Compute Performance Statistics#

total_time - Total duration of on-device time for the run in seconds. This doesn’t include host-device data movement overhead or host runtime/framework overhead.
mm_arithmetic_intensity - The ratio of regular Matrix Multiplication (MATMUL) Floating Point Operations (FLOPs) to total Dynamic Random Access Memory (DRAM) transfer size. This metric helps you determine if your workload is memory-bound or compute-bound.
hfu_estimated_percent - Hardware FLOPs Utilization reflects the Tensor Engine utilization calculated from all Tensor Engine instructions.
mfu_estimated_percent - Model FLOPs Utilization reflects the Tensor Engine utilization for useful compute (matrix multiplications from your model definition).

Memory Bandwidth Utilization#

total_bandwidth_available - The total bytes possible to be transferred within the given time region for the current Neuron hardware specification.
mbu_estimated_percent - Memory Bandwidth Utilization (MBU) shows the achieved (as running on the current Neuron hardware) High Bandwidth Memory (HBM) bandwidth utilization.
average_dma_size - The average DMA transfer size (higher is better).
useful_read_percent - The fraction of HBM reads that are useful (hbm_read_bytes - hbm_reload_bytes) / hbm_read_bytes). Note that “useful” is related to an inherent property of the memory itself, but a measurement of how efficiently the memory is being utilized by a specific workload or application. Low numbers may indicate inefficient memory access patterns and suboptimal layouts.

FLOPs Utilization#

For each compute engine (tensor, vector, scalar, gpsimd), displays the how well utilized the engine is:

Tensor Engine#

The Tensor engine has a detailed breakdown of how the FLOPs are being used:

model_flops: The percentage of tensor flops spent performing useful matrix operations, contributing to model progress
transpose_flops: The percentage of tensor flops spent performing transpose operations / data movement
active_flops - Percentage of tensor flops that correspond to the active_time of the tensor engine, but where the engine was not effectively utilized.
throttled_flops (active and inactive) - Percentage of FLOPs wasted due to throttling, either during active or inactive tensor engine periods,

There are a few key things to look for in this graph:

model_flops relative to active_flops. Large differences could indicate that the tensor engine is being poorly utilized with small tensor sizes, or that operations are not being pipelined effectively.
model_flops relative to transpose_flops. It is desired to have little-to-no transpose_flops consuming tensor engine utilization. Ideally the model_flops amount is much larger than the amount of transposes.
active_throttled_flops: FLOPs lost due to throttling during active periods is undesirable. It is worth identifying the root cause for the throttling if there is indication of this happening.

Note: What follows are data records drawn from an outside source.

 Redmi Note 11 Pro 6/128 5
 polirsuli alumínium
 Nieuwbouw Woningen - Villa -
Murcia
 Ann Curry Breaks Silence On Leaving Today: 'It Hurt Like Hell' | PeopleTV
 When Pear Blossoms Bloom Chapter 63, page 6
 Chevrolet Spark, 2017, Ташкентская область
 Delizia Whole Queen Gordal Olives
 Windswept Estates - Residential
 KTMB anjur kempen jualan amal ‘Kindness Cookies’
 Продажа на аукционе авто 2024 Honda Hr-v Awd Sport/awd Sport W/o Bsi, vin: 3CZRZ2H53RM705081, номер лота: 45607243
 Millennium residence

Other Engines (Scalar, Vector, GpSimd)#

These engines do not yet have detailed FLOP utilization breakdowns, they only show the active period of operation for the engine.

active_flops - Percentage of FLOPs when the engine processes at least one instruction (excluding semaphore waits).

Memory Bandwidth Breakdown#

Shows how the available HBM memory bandwidth was used:

Total HBM read / write operations
State Buffer (SBUF) spill/reload operations

Collective Operations Duration#

Displays the duration of each collective operation in the profile, grouped by operation type and size. This is useful for identifying outliers in Collective runtime, which can be used to investigate specific sections of the profile more deeply. It is possible to filter out datasets by clicking on the datasets in the legend of the graph.